Abiraterone (Zytiga) is a breakthrough prostate cancer treatment drug, which has shown promise even in patients with extremely advanced disease. It has been approved by the FDA in 2011. The non-steroidal anti-tumour agent has decreased mortality rate by 35% and significantly increased the survival rate for patients with metastatic prostate cancer. The drug suppresses the cytochrome P17 enzyme, thus preventing the body from producing testosterone, which the tumour requires to grow. It has also been shown to relieve pain syndrome.

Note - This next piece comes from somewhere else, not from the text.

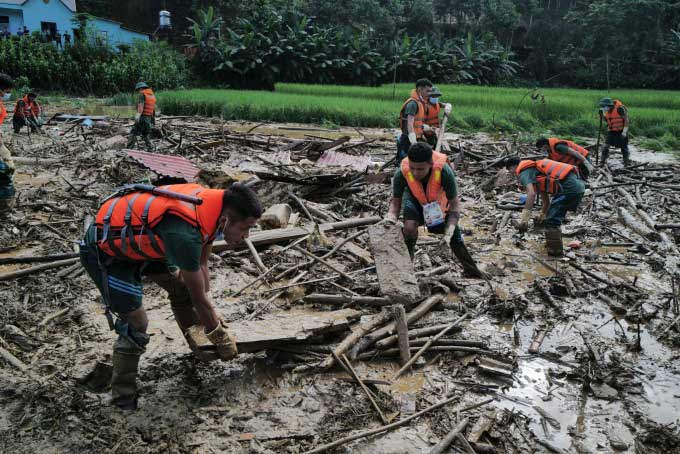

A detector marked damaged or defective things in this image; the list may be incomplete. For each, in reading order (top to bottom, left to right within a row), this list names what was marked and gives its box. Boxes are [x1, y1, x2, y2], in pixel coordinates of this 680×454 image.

broken wooden board [366, 223, 420, 306]
broken wooden board [189, 308, 358, 354]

The therapy can be used in conjunction with Prednisone or Prednisolone, during chemotherapy or following its completion. Dosage is determined individually for each patient by his treating physician based on workup results. Treatment is overseen by a senior Israeli specialist.
Abiraterone is sold in packs containing 120 tablets.
It is manufactured in Germany and has all the necessary certificates.
While the therapy is not a panacea, it can significantly both improve the quality and prolong the lives of prostate cancer sufferers. It is one of the most powerful antineoplastic agents available, with shrinking of tumour reported in 80% of patients (including cases of metastatic carcinoma). Oncology experts consider its development a revolutionary breakthrough in the field of cancer research. It is effective against hormone-resistant, hormone-refractory and metastatic prostate cancers.
Even when dealing with resistant forms of prostate cancer, Israeli specialists look to not only prolong their patients’ lives, but to also make sure its quality remains sufficiently high. Zytiga is intended for patients with prostate cancer that had stopped responding to hormonal therapy. It can be administered prior to or following the completion of chemotherapy.
According to clinical studies, patients who received the Abiraterone in combination with another drug enjoyed both a longer nonprogression period and a longer survival period. In another study, the survival period of patients treated with Zytiga was double than among those who were undergoing chemotherapy.